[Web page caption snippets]
- - - -
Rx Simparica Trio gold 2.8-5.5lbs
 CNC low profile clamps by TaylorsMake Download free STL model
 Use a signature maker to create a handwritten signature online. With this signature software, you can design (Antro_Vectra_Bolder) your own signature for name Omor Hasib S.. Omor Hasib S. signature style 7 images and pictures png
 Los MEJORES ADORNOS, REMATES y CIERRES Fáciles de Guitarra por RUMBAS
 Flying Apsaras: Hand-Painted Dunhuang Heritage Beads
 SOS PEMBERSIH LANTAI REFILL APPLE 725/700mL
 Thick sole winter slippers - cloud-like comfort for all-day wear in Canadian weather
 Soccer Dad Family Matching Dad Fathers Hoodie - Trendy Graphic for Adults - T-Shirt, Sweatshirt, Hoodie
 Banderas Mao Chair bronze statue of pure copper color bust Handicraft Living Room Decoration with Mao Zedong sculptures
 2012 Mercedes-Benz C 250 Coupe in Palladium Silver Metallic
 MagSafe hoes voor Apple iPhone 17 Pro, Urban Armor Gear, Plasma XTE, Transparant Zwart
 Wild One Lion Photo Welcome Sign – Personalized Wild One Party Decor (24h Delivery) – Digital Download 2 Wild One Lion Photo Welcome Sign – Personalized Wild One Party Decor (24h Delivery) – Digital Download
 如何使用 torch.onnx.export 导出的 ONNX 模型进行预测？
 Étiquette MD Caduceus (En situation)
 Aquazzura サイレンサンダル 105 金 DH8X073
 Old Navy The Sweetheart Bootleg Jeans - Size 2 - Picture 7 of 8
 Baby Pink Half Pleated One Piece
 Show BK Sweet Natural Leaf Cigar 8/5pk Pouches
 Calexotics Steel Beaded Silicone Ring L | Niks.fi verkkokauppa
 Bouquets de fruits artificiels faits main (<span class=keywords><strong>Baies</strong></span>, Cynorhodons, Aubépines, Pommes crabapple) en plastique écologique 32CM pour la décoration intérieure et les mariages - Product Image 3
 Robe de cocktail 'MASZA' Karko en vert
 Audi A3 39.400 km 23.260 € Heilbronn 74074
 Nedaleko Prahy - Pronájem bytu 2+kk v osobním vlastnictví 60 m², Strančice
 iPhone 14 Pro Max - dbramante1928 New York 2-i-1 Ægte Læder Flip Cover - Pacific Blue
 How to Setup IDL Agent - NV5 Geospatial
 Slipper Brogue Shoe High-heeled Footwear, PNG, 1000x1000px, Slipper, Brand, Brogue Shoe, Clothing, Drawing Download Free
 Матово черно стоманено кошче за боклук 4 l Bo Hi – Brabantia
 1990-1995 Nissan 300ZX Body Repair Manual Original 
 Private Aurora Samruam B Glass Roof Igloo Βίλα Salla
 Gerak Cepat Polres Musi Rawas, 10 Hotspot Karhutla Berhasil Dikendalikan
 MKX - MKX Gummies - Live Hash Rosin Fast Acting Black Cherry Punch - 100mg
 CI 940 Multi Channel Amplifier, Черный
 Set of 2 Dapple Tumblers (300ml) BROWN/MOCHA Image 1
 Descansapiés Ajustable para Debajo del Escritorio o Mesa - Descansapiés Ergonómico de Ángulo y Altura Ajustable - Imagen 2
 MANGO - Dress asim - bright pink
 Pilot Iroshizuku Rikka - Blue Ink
- - - -
*Your task*
Reproduce the records above exactly as they appear.

*Exercise result*
Rx Simparica Trio gold 2.8-5.5lbs
 CNC low profile clamps by TaylorsMake Download free STL model
 Use a signature maker to create a handwritten signature online. With this signature software, you can design (Antro_Vectra_Bolder) your own signature for name Omor Hasib S.. Omor Hasib S. signature style 7 images and pictures png
 Los MEJORES ADORNOS, REMATES y CIERRES Fáciles de Guitarra por RUMBAS
 Flying Apsaras: Hand-Painted Dunhuang Heritage Beads
 SOS PEMBERSIH LANTAI REFILL APPLE 725/700mL
 Thick sole winter slippers - cloud-like comfort for all-day wear in Canadian weather
 Soccer Dad Family Matching Dad Fathers Hoodie - Trendy Graphic for Adults - T-Shirt, Sweatshirt, Hoodie
 Banderas Mao Chair bronze statue of pure copper color bust Handicraft Living Room Decoration with Mao Zedong sculptures
 2012 Mercedes-Benz C 250 Coupe in Palladium Silver Metallic
 MagSafe hoes voor Apple iPhone 17 Pro, Urban Armor Gear, Plasma XTE, Transparant Zwart
 Wild One Lion Photo Welcome Sign – Personalized Wild One Party Decor (24h Delivery) – Digital Download 2 Wild One Lion Photo Welcome Sign – Personalized Wild One Party Decor (24h Delivery) – Digital Download
 如何使用 torch.onnx.export 导出的 ONNX 模型进行预测？
 Étiquette MD Caduceus (En situation)
 Aquazzura サイレンサンダル 105 金 DH8X073
 Old Navy The Sweetheart Bootleg Jeans - Size 2 - Picture 7 of 8
 Baby Pink Half Pleated One Piece
 Show BK Sweet Natural Leaf Cigar 8/5pk Pouches
 Calexotics Steel Beaded Silicone Ring L | Niks.fi verkkokauppa
 Bouquets de fruits artificiels faits main (<span class=keywords><strong>Baies</strong></span>, Cynorhodons, Aubépines, Pommes crabapple) en plastique écologique 32CM pour la décoration intérieure et les mariages - Product Image 3
 Robe de cocktail 'MASZA' Karko en vert
 Audi A3 39.400 km 23.260 € Heilbronn 74074
 Nedaleko Prahy - Pronájem bytu 2+kk v osobním vlastnictví 60 m², Strančice
 iPhone 14 Pro Max - dbramante1928 New York 2-i-1 Ægte Læder Flip Cover - Pacific Blue
 How to Setup IDL Agent - NV5 Geospatial
 Slipper Brogue Shoe High-heeled Footwear, PNG, 1000x1000px, Slipper, Brand, Brogue Shoe, Clothing, Drawing Download Free
 Матово черно стоманено кошче за боклук 4 l Bo Hi – Brabantia
 1990-1995 Nissan 300ZX Body Repair Manual Original 
 Private Aurora Samruam B Glass Roof Igloo Βίλα Salla
 Gerak Cepat Polres Musi Rawas, 10 Hotspot Karhutla Berhasil Dikendalikan
 MKX - MKX Gummies - Live Hash Rosin Fast Acting Black Cherry Punch - 100mg
 CI 940 Multi Channel Amplifier, Черный
 Set of 2 Dapple Tumblers (300ml) BROWN/MOCHA Image 1
 Descansapiés Ajustable para Debajo del Escritorio o Mesa - Descansapiés Ergonómico de Ángulo y Altura Ajustable - Imagen 2
 MANGO - Dress asim - bright pink
 Pilot Iroshizuku Rikka - Blue Ink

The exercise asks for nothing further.